A number of behavioral studies have demonstrated that smells trigger more vivid emotional memories and are better at inducing that feeling of “being brought back in time” than images. However, few studies since Herz and colleagues’ study have explored the relationship between smell and autobiographical memory at the neural level.
Last year, Arshamian and colleagues found evidence to suggest that memories triggered by an odor (like the scent of a rose) were accompanied by greater activity in the limbic system (which includes the hippocampus and amygdala) than memories triggered by the verbal label of that odor (like the word “rose”). The scientists also found that memories evoked by odors were linked to more brain activity in areas associated with visual vividness.
Unfortunately, smells can also be potent triggers of negative emotions, particularly in individuals with posttraumatic stress disorder (PTSD). A decade ago, Vermetten and Bremner conducted three clinical case studies of individuals diagnosed with PTSD who experience this phenomenon. One patient frequently experienced disturbing memories, feelings of guilt, and nausea when smelling diesel. These involuntary reactions were so upsetting to him that he actively avoided situations in which he might smell diesel (like driving behind trucks).
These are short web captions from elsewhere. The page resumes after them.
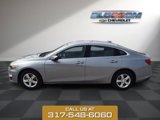 Used 2024 Chevrolet Malibu LT image 4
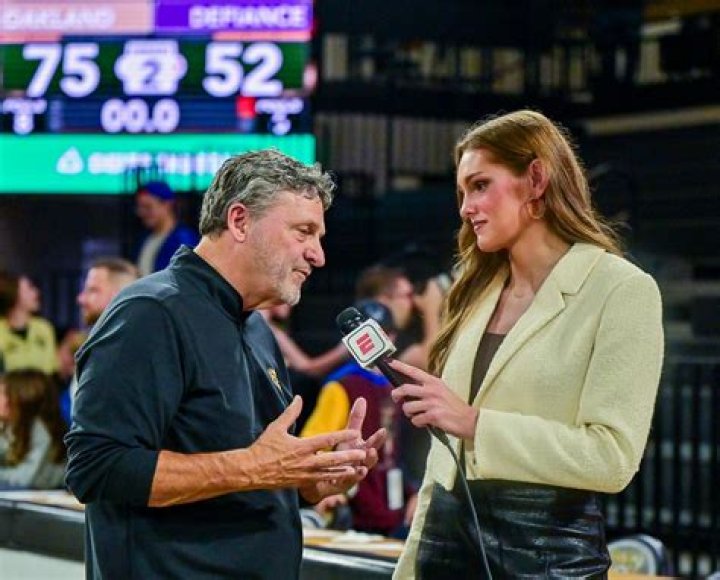 Unveiling The Secrets Of Greg Kampe's Salary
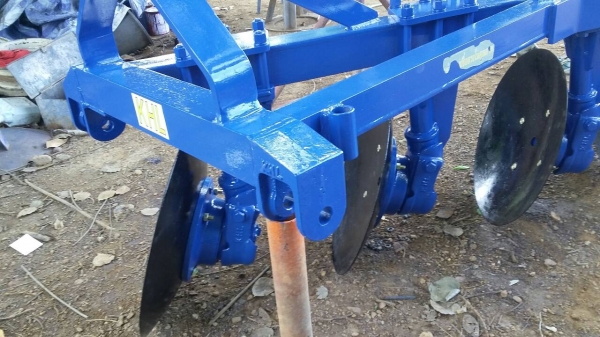 ขายผาน4.ของ KHLรุ้นใหม่.4×26.แต่ใสใบ28ใด้ ขายผาน4.ของ KHLรุ้นใหม่.4×26.แต่ใสใบ28ใด้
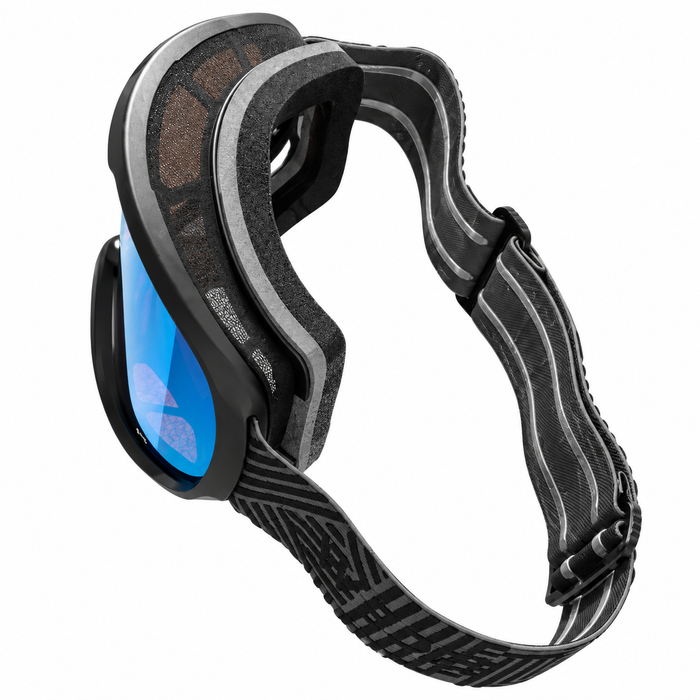 Decathlon Wedze - Kids and Adult Skiing and Snowboarding Googles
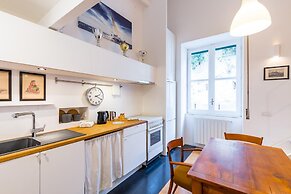 Grifeo - Quiet and Relaxing Flat on Panoramic Route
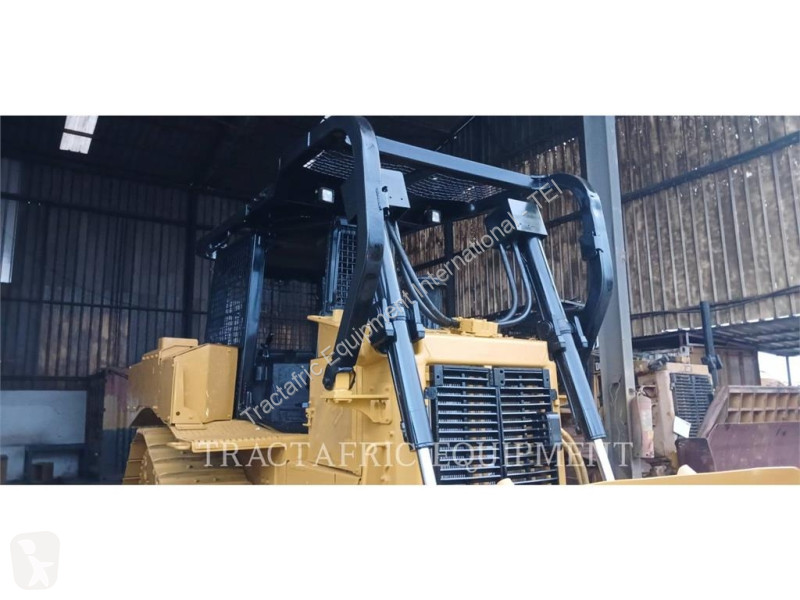 Bulldozer Caterpillar D6R2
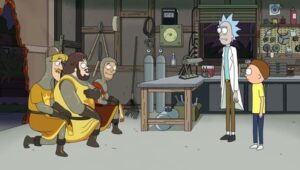 Rick e Morty: 6×9
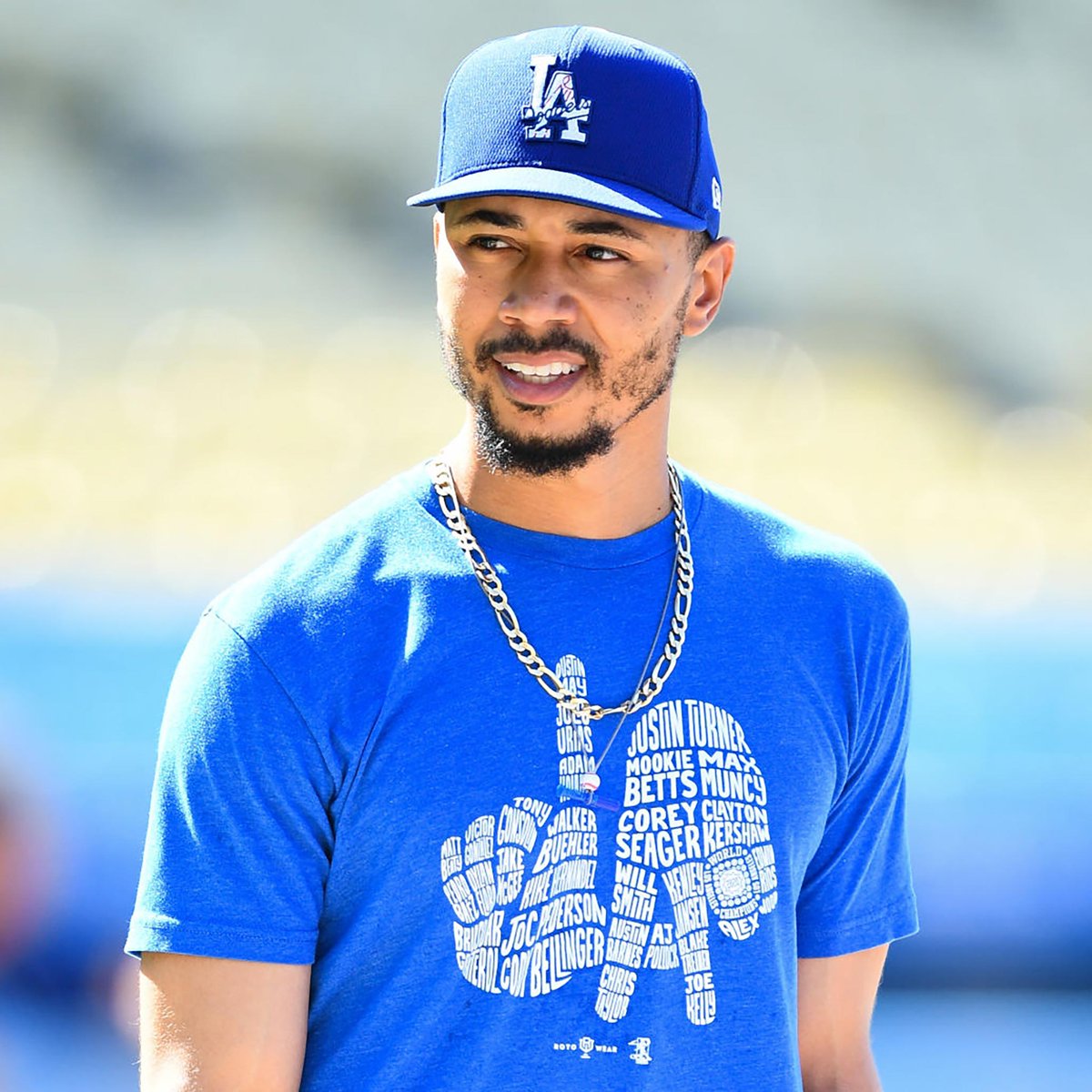 Happy Birthday, <a href="/mookiebetts/">Mookie Betts</a>! 🎂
On one occasion, the smell of diesel from a neighborhood fire instantly conjured the memory of an accident in Vietnam. In his mind, he could vividly see the burning vehicle, doors ajar, and billows of fire and smoke. The patient couldn’t save his fellow soldiers that day. The smell of diesel frequently caused him to re-experience overwhelming feelings of guilt and helplessness that he initially experienced more than 30 years ago.
Individuals can have widely divergent emotional responses to scents that are identical in chemical composition. There is also evidence to suggest that what you think you’re smelling affects your response to an odor. In 2001, Herz and von Clef found that participants rated an identical odor as more pleasant when it was presented with a positive label (“parmesan cheese”) rather than a negative label (“vomit”).
Unlike other animals, we humans have evolved to rely most on our sense of vision—but your sense of smell may be more important than you think. I hope your winter is full of good smells, good feels, and good memories!
Arshamian A, Iannilli E, Gerber JC, Willander J, Persson J, Seo H-S, Hummel T, & Larsson M. The functional neuroanatomy of odor evoked autobiographical memories cued by odors and words. Neuropsychologia 51 (2013), 123-131.
Herz RS, Eliassen J, Beland S, & Souza T. Neuroimaging evidence for the emotional potency of odor-evoked memory. Neuropsychologia 42 (2004), 371-378.
Herz RS & von Clef J. The influence of verbal labeling on the perception of odors: evidence for olfactory illusions? Perception 30 (2001), 381-391.
Saive A-L, Royet J-P, & Plailly J. A review on the neural bases of episodic odor memory: from laboratory-based to autobiographical approaches. Frontiers in Behavioral Neuroscience 8 (2014). doi: 10.3389/fnbeh.2014.00240
Vermetten E & Bremner JD. Olfaction as a traumatic reminder in posttraumatic stress disorder: case reports and review. The Journal of Clinical Psychiatry 64 (2003), 202-207.